More generally, given a fixed matrix A with non-negative integer entries, we want a Markov chain on the set of solutions of Ax = b, for given b. We can add to x any element of the kernel of A without changing b; so we need to take a set of generators of Ker(A) as a module over the integers. So we need to test whether given elements generate this kernel. This can be done by translating into commutative algebra. Any integer vector y in Ker(A) can be written as y^{+}−y^{−}, where the two vectors have non-negative integer coefficients.
A non-negative integer vector z can be translated into a monomial m(z) by using its entries as exponents. Now the vectors y^{+}−y^{−} generate the kernel if and only if the binomials m(y^{+})−m(y^{−}) generate the corresponding ideal. Now binomial ideals are not as simple as monomial ideals, but are still simpler (theoretically and computationally) than arbitrary ideals; so this is a reasonable way to proceed.
However this is not the final answer, since whatever moves we make in the Markov chain on solutions of Ax=b for fixed b must not take us outside the set of non-negative integer vectors, so some moves will have to be disallowed. There is a “local” form of the Diaconis–Sturmfels Theorem which covers this.

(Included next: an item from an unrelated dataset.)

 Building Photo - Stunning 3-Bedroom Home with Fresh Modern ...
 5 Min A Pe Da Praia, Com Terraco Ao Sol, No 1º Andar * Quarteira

For a small example, consider the equation x+y=b. The “fibre” consists of the integer points on the line segment from (0,b) to (b,0). The moves ±(1,−1), restricted so as not to leave the fibre, clearly reach every point. If instead we use the moves ±(2,−2) and ±(3,−3), the fibres with b≥3 are connected, but the fibres with b=1 and b=2 each fall into two components. The corresponding binomials x^{2}−y^{2} and x^{3}−y^{3} generate an ideal of codimension 1 in the ideal generated by x−y.